雑多な喧騒で満ちる街からすこし外れた場所の、誰からも忘れ去られたような小さな公園。いや、公園と言っても遊具や四阿があるわけではないから、広場と言ったほうが正しいかもしれない。郊外での依頼の帰り、スクーターで通りがかったときにふと目についただけのこの場所だが、咲き誇る桜は見事なものだ。花曇りの景色を楽しもうと思ってふらりと立ち寄ったのだが、灰色の雲はたちまち小さな雨を降らしはじめてしまった。こまかな雨に打たれたまま、銀時は袖の向こうの花を見る。白くけぶる雨の中でさえ花の色は鮮やかだ。
やっぱり、あいつに似ている。
性懲りもなくぽつりと脳裡に浮かんだ思いに、胸を柔く掴まれる。会いたい。雨粒が地面に沁みこむような静かさで、そう思う。
惚れていると自覚したのはもうずいぶんと前だ。
大切なものたちの間で板挟みになりながら、それでも両方を掬い上げてみせた姿に。はみ出し者、鼻摘み者すらすべて見捨てることなく諦めない信念に。呪いさえも振り切り、護るための剣を抜いた意地に。──いや、本当はもっと前からだったのかもしれない。

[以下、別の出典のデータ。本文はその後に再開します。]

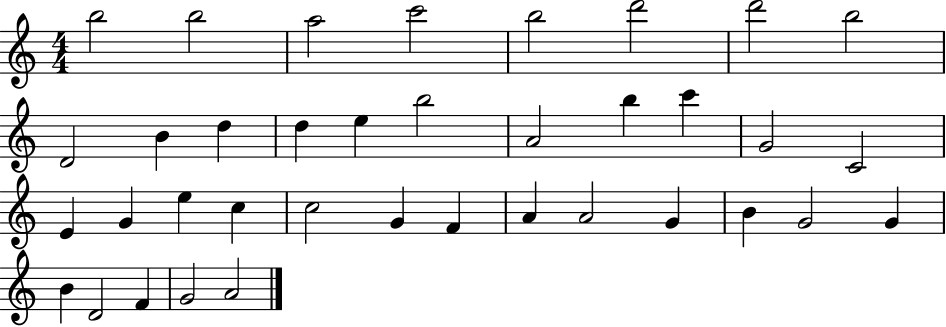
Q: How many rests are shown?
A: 0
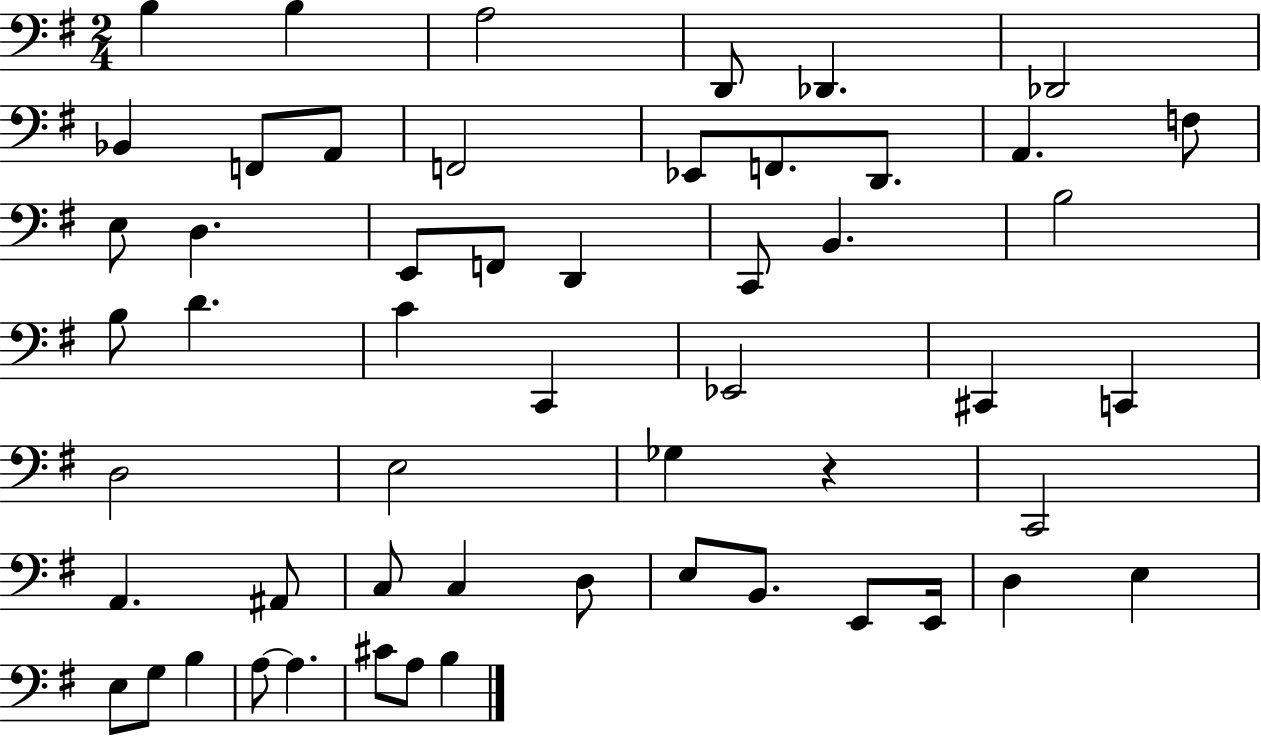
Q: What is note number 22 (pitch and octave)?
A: B2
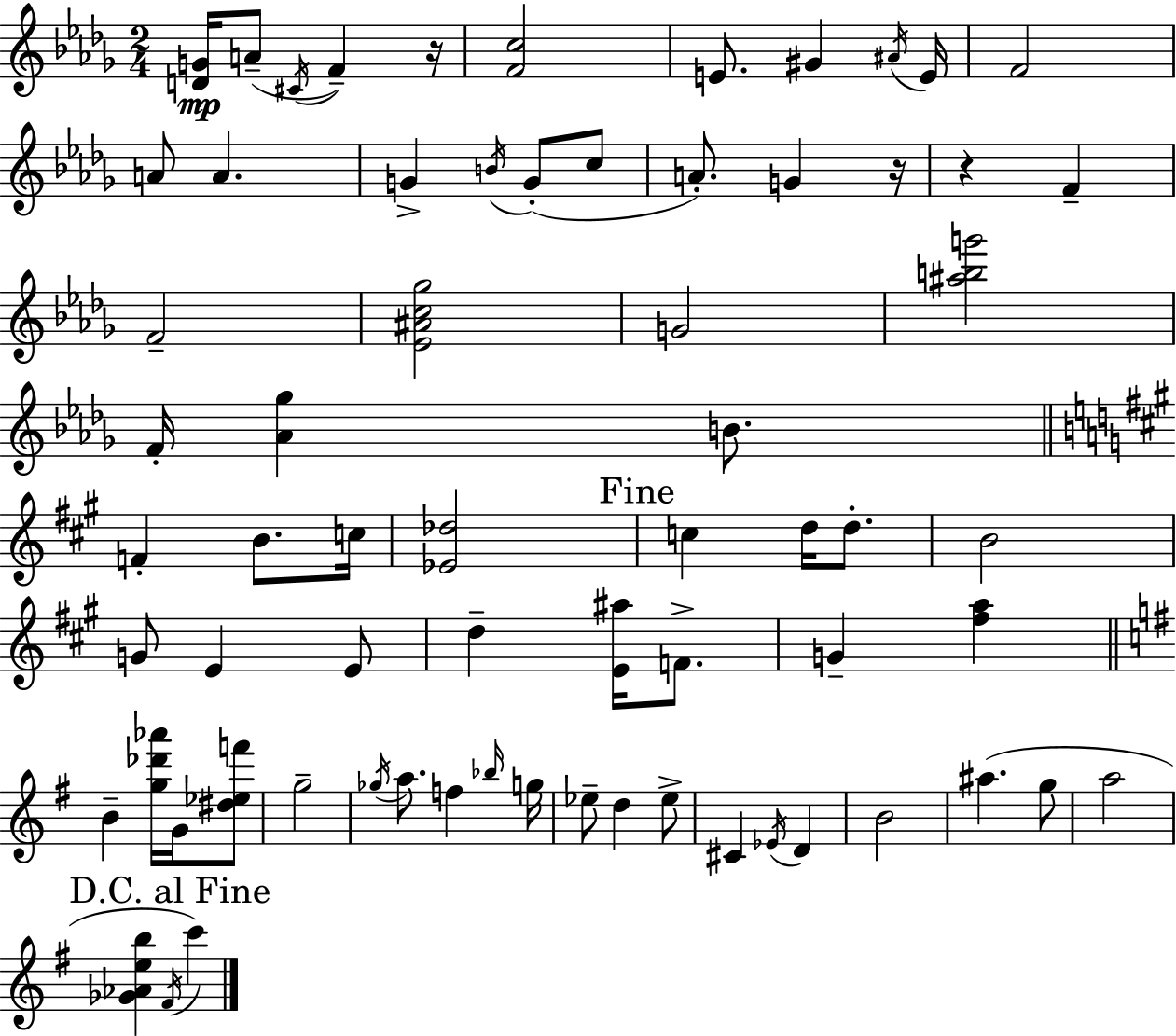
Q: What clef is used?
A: treble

大切なものを護るために、単身で挑んできたあのときから。
きっと彼に惹かれていた。
あいかわらず雨はやまない。雨粒がさわさわと桜の花を揺らすかすかな音が、雨音とともに聴こえる。花の甘さが濡れた匂いに溶ける。もどかしいような切なさが、じわりと胸に沁みる。濡れそぼる流雲模様の袖のなかで、銀時はこぶしは握りしめる。
と、ふいに激しい風が吹いた。突風とも言えるほどの強い風に、濡れた花弁がはらはらと舞う。銀時は思わず目を閉じた。
近くでバタン、と車のドアを閉める音がした。続いて聞こえる、どこか慌てたような足音。
「おい、なにしてんだお前は」
はっとして目を開ける。
雨の中、すぐそばに、土方がいた。
傘を持たない彼は、隊服も髪もたちまちしとどに濡れていく。咥えたままの煙草も雨に打たれてすでに火は消えていた。
「土方」
銀時は呟くように名前を呼んだ。「なんだよ」と少し面食らったように土方が眉を動かす。
「お前、なにしてんの」
「それはこっちの台詞だ」
どこか怒ったような声で土方が言う。
「雨が降ってる中でぼーっと突っ立ってる馬鹿がいるなと思ったら、まさかテメーだったとはな。ついに頭の中までパーになったか」
いつものような素っ気ない言葉だけれど、その声音はどこか硬い気がした。銀時はまじまじと土方の顔を見つめる。
「……どうしたの」
深い藍色をした瞳を覗きこむ。小さく息を詰まらせた土方は、躊躇うように視線をさまよわせて、それからそっと目を伏せた。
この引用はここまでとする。